На закате гроб отнесли в церковь на краю села. Поздно вечером Хома и местные казаки сели ужинать возле сотниковой кухни. Все наперебой говорили, что умершая панночка была ведьмой, сделавшей землякам много зла. Рассказывали истории о том, как она пила кровь из живых людей, как заездила до смерти влюблённого в неё псаря Микиту.

Четверо казаков отвели Хому в церковь, где стоял гроб, и заперли там. Философ чувствовал сильную робость, хотя и успел за ужином подкрепить себя кружкой горелки. Он начал читать молитвы, всё время поглядывая на гроб – и вдруг увидел, как панночка приподнялась, встала и пошла по церкви.

Хома в страхе очертил вокруг себя круг и стал читать ещё громче. Ведьма с бешенством старалась поймать его руками, но не видела свою жертву и потому не находила её. Через круг синий труп панночки не мог переступить: он всегда останавливался на самой черте. Ведьма вернулась в гроб, и он стал летать по церкви, однако тоже не мог преодолеть черты круга. Панночка и гроб вернулись на своё место лишь после первого крика петухов.

Утром казаки отворили двери церкви. Изнеможённый Хома поспал и пообедал. Вечером его опять отвели в храм и заперли в нём.

Хома вновь начертил круг и стал читать. Труп поднялся из гроба и стал перед ним на самой черте, щёлкая зубами и ворча непонятные заклинания. По церкви прошёл ветер, в окна стали биться какие-то гадкие, крылатые создания… Всё опять кончилось по первому крику петуха. Пришедшие утром казаки нашли Хому едва живым. За ночь он весь поседел.

Философ заявил сотнику, что больше не будет читать молитвы по его дочери. Но пан настаивал, чтобы он провёл в церкви последнюю, третью ночь, угрожая иначе расправиться с ним плетьми. Когда Хома попробовал бежать через панский сад, казаки сотника догнали его и вернули обратно.

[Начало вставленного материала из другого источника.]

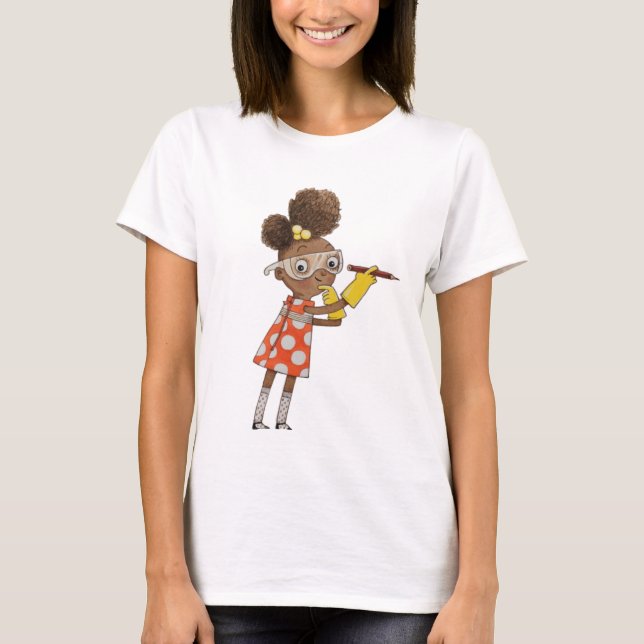 T-shirt Ada Twist  (Devant)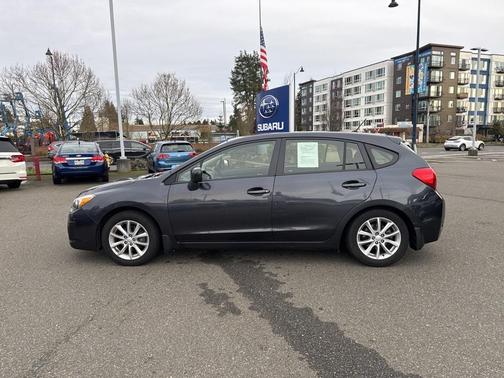 2013 Subaru Impreza 2.0i Premium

Хому заперли с гробом в третий раз. Панночка опять поднялась, дёргаясь в судорогах. Сонмы прилетевшей нечистой силы, выбив в церкви окна и двери, стали носиться вокруг философа. Но никто из страшилищ не видел его, пока ведьма не приказала привести царя гномов, Вия.

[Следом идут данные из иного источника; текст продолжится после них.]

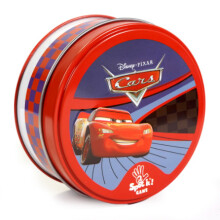 (Cars) English Card Game Dobble Parentchild Gathering Card Puzzle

Косолапый Вий был весь покрыт землёй. Его ноги и руки напоминали жилистые, крепкие корни, а длинные веки висели до самой земли. Страшным голосом Вий повелел поднять себе веки. «Не гляди!» – шептал Хоме внутренний голос, но он не удержался и глянул. «Вот он!» – закричал Вий, уставив на Хому железный палец. Нечисть бросилась на несчастного, и он тут же умер от страха.

Хома Брут и Вий. Иллюстрации к повести Гоголя. Художник А. Кукушкин

Возбуждённые гномы пропустили первый крик петуха. Они услышали только второй, когда спасаться им было уже поздно. Духи бросились из церкви, но не успели вылететь из неё, завязли в дверях и окнах. Утром жители села ужаснулись от страшной картины. Церковь, куда по зову ведьмы приводили Вия, была заброшена. Она заросла травой и бурьяном, и теперь уже никто не найдёт к ней дороги.